Can anybody who has owned all or any of these lizards please provide an insight as to what animal is the most rewarding and enjoyable to take care with. Thank you in advance.


----------



## wilkinss77 (Sep 23, 2008)

colby4898 said:


> Hi,
> 
> I currently have a spare 5x2x2 vivarium as my Bearded Dragon, Ozzy, died about a year ago after 15 long, happy years, he was my first ever reptile and it was very sad.
> 
> ...


of the 3, BTS are the best. chucks are quite easily tamed from what i've heard, & a table at kempton '13 had one, their own pet, in a shallow, open tank with a heat lamp over it- it could easily have jumped out & escaped, but it chose not to. uro's i don't know much about, but i've seen tame ones that didn't mind being handled.


----------



## markg6 (Apr 11, 2014)

I've never heard of anyone actually owning a chuck. ...i know plenty of ppl do. But ive actually never seen someone asking / talking about them. I'm very curious as to their temperament as well. 

That being said, i think either the Uro or BTS are excellent choices. Keeping in mind there are always those ones that go completely against the "normal" temperament.


----------



## DeadLee (Apr 7, 2010)

You have the exact same list I did (minus Ackies) before I decided on a blue tongue skink. Just as tame if not more so than my bearded dragon. I can sit in the garden with him and he seems to enjoy exploring. I let him roam my house and he never seems to stop exploring.

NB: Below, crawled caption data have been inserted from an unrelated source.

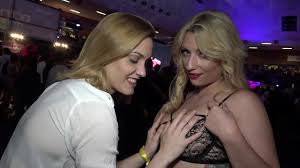 I touch the boobs of porn actress - XNXX.COM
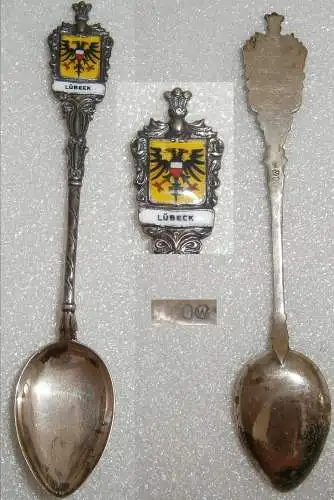 Sammler-Löffel LÜBECK aus 800 Silbermit Wappenund aus Emaille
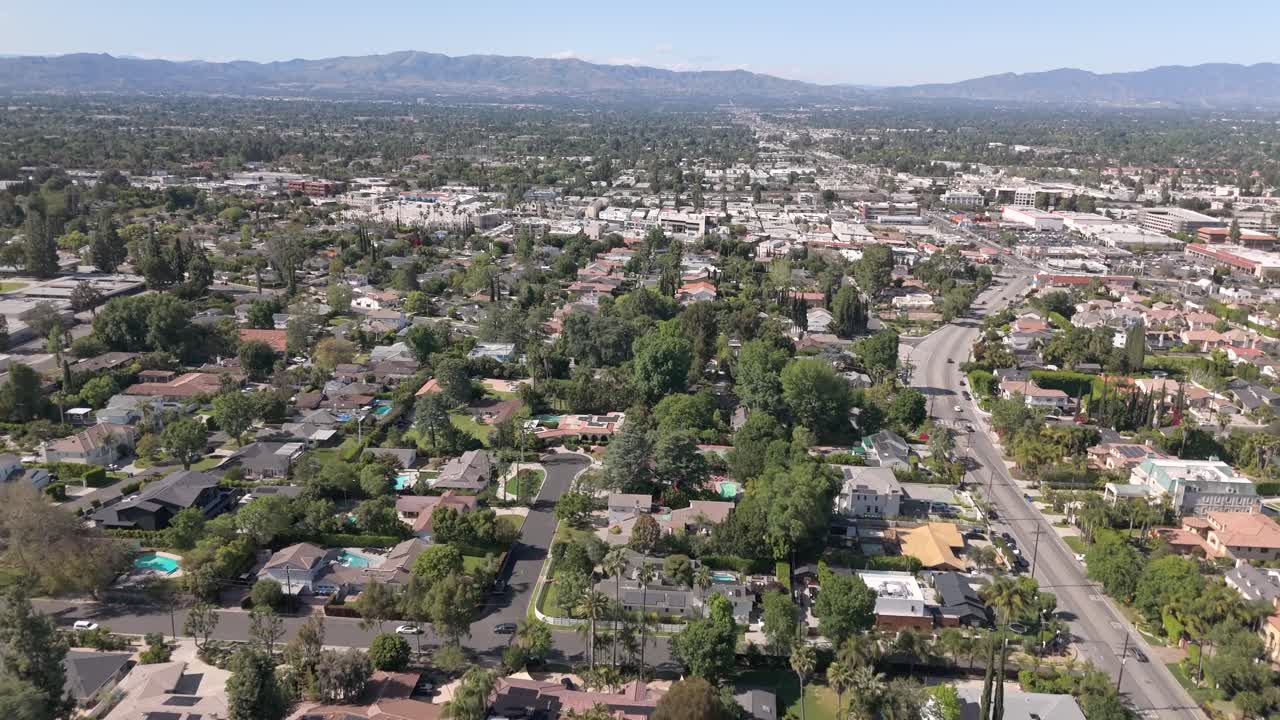 barrio de woodland hills en el valle de san fernando que limita con las montañas tarzana y santa mónica, la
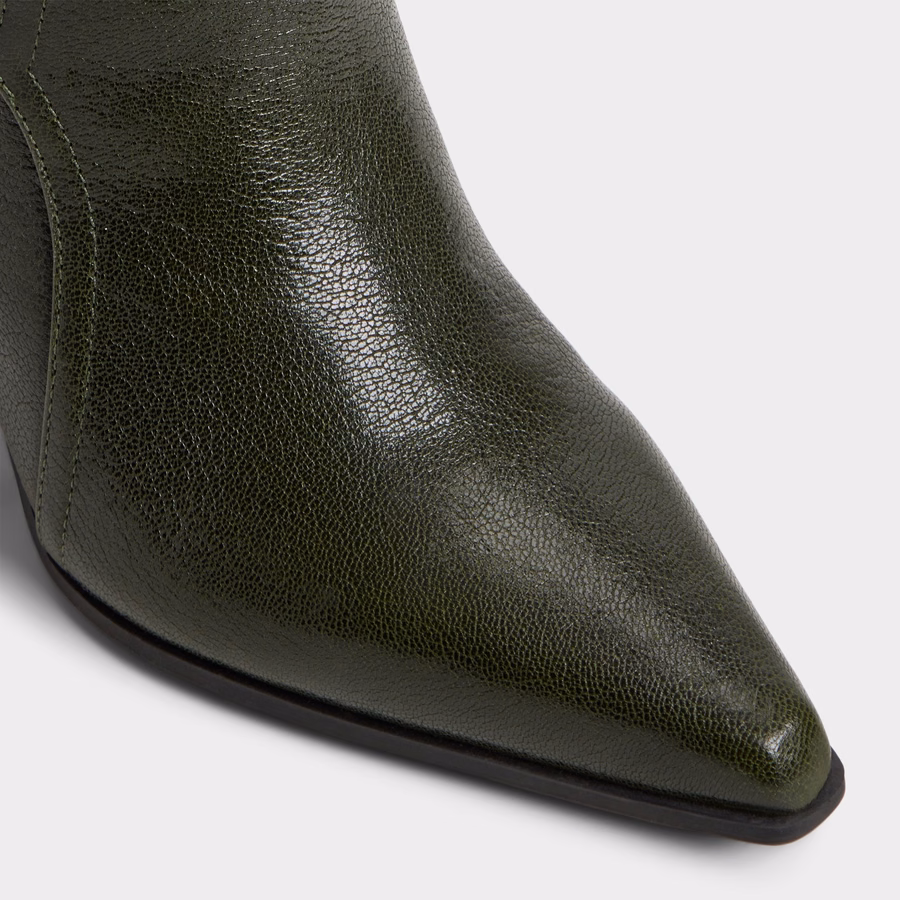 Saddle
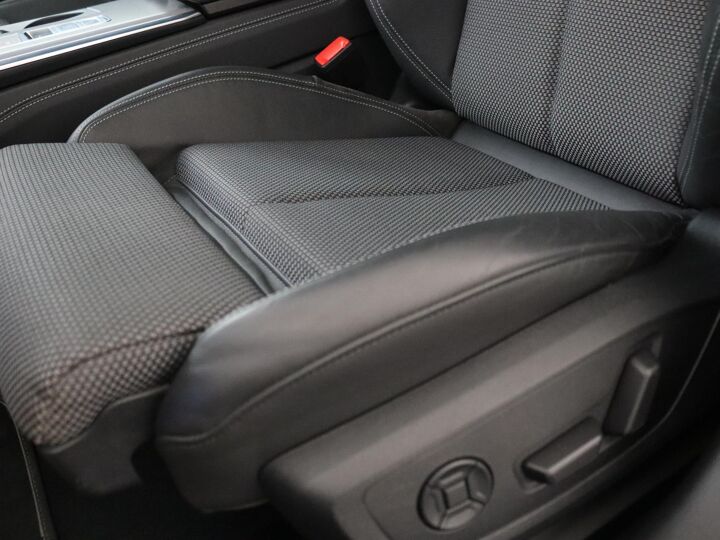 Audi A6 Avant 40 TFSI S edition | 204 PK | Automaat | Sportstuur| S-Line Exterieur | Cruise Control |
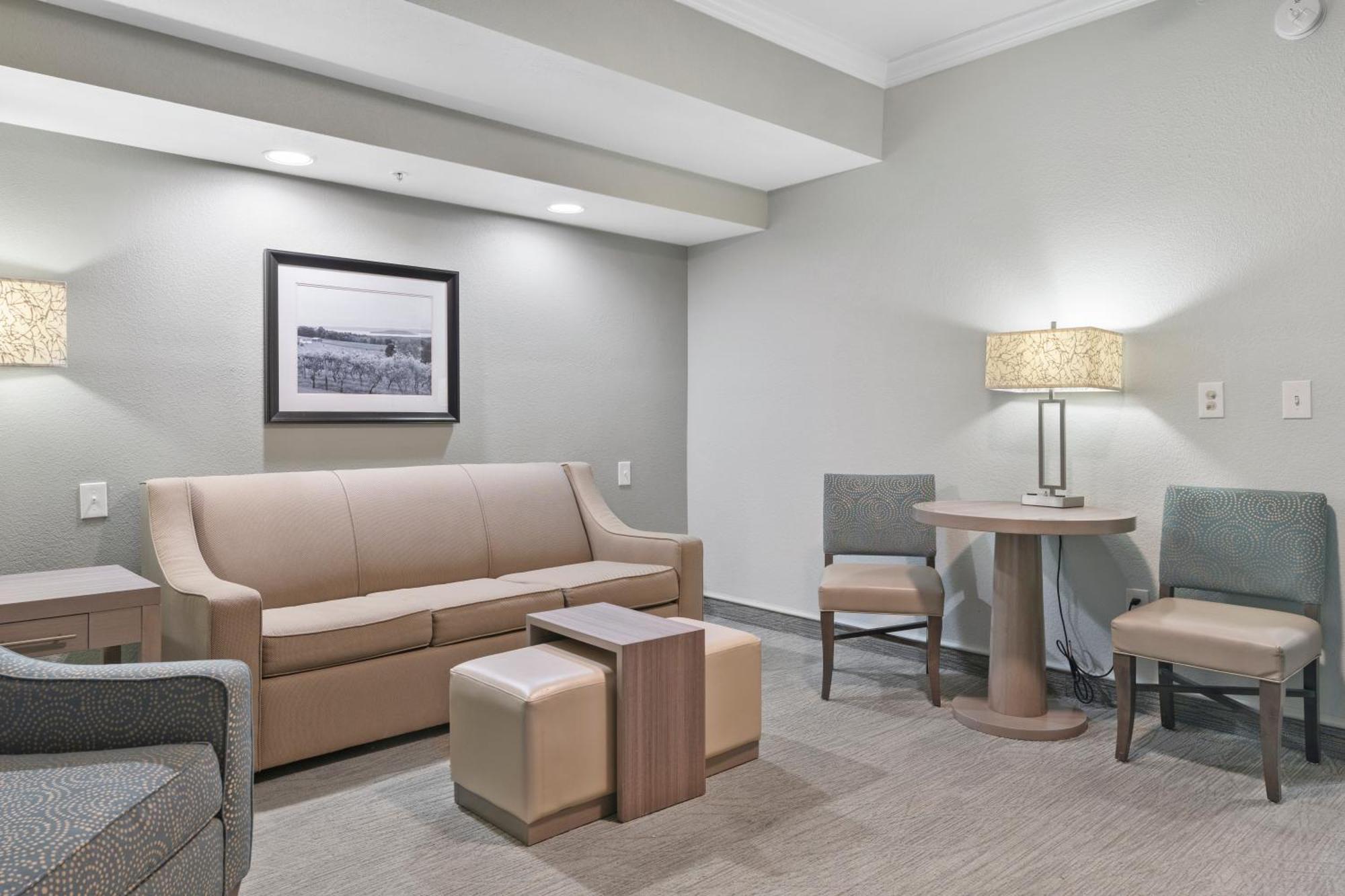 Cherry Tree Inn & Suites Traverse City Bagian luar foto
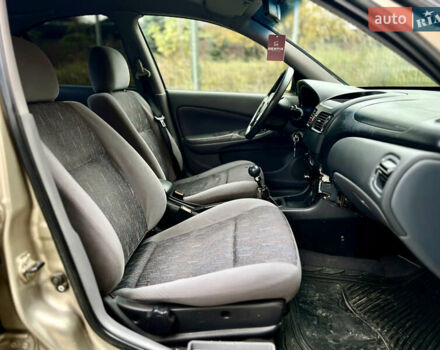 Бежевый Ниссан Альмера, объемом двигателя 1.77 л и пробегом 180 тыс. км за 2700 $, фото 17 на Automoto.ua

My bearded dragon on the other hand will just sit on my lap and not move. So for me the blue tongue is much more inquisitive and interactive.

The behavior and look of a blue tongue skink is very different to agamids like bearded dragons and uromastyx etc. My blue tongue skink sneezes and yawns for a start! It's hard to explain but they are almost more mamal like than an agamid and they just seem much more intelligent. Plus the little noises they make are adorable :flrt:


----------



## Gekkota (Aug 30, 2013)

Ackies and chuckwallas are awesome... you could have two or three of either species in a viv the size you have. Both get ridiculously tame (Chucks require a little more work). Both are very entertaining and intelligent

Uromastyx are lovely, but I have found them to be a little more 'attention on their own terms' but very rewarding to keep

Blue Tongues can get very tame... but some don't and remain a bit huffy. In terms of interaction, I would say a tame BTS is probably most like a bearded dragon.


----------



## DeadLee (Apr 7, 2010)

Gekkota said:


> Ackies and chuckwallas are awesome... you could have two or three of either species in a viv the size you have. Both get ridiculously tame (Chucks require a little more work). Both are very entertaining and intelligent


I disagree with that. Ackies require a tall vivarium for climbing plus a very deep substrate he would need his viv to be twice as high with 1ft of substrate for a couple of Ackies. 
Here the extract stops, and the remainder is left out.